REQUIRED WORK:
With both ends included, repeat exactly the lines of the entries below from the one containing "Recente woning in" down to the one containing "Κλίβελαντ Καβαλίερς: Διατηρούν", and no others.

DATA EXTRACT:
((

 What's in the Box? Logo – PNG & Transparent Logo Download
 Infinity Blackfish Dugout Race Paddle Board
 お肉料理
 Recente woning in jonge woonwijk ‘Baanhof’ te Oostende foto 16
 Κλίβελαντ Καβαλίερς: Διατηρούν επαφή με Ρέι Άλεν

))
((

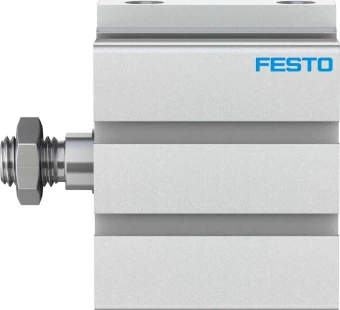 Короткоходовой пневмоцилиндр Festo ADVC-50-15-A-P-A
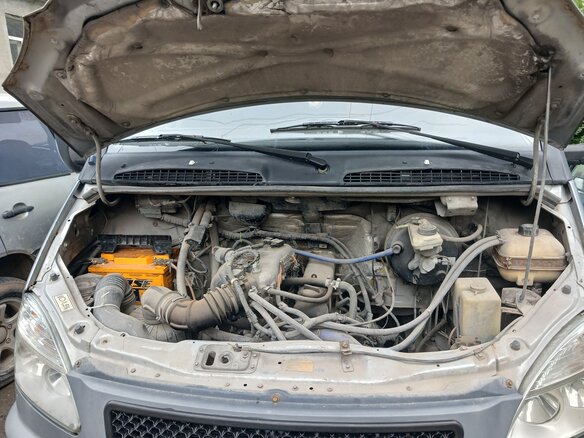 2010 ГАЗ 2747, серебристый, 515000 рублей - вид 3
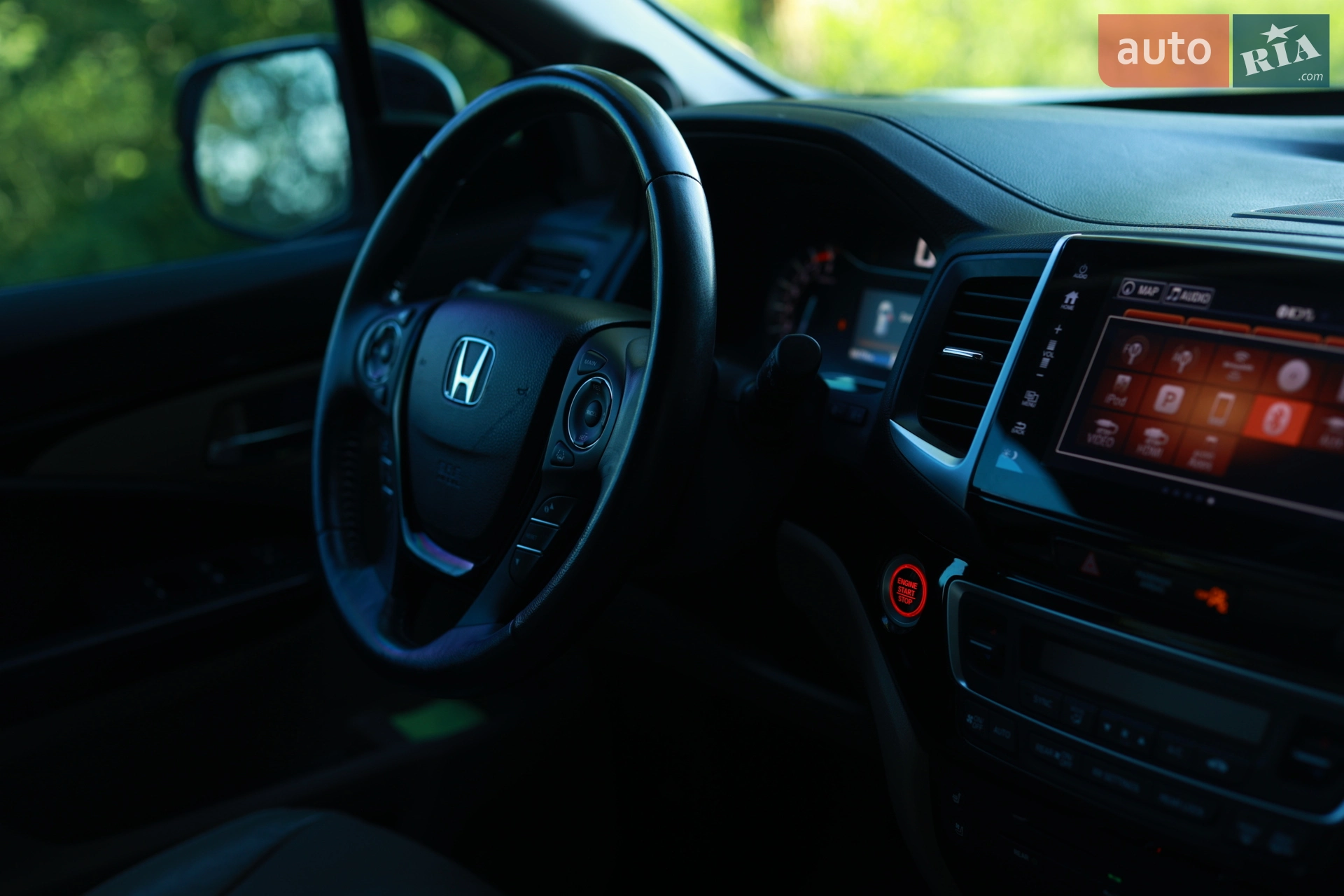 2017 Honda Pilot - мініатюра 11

))

COMPLETED EXERCISE:
 Recente woning in jonge woonwijk ‘Baanhof’ te Oostende foto 16
 Κλίβελαντ Καβαλίερς: Διατηρούν επαφή με Ρέι Άλεν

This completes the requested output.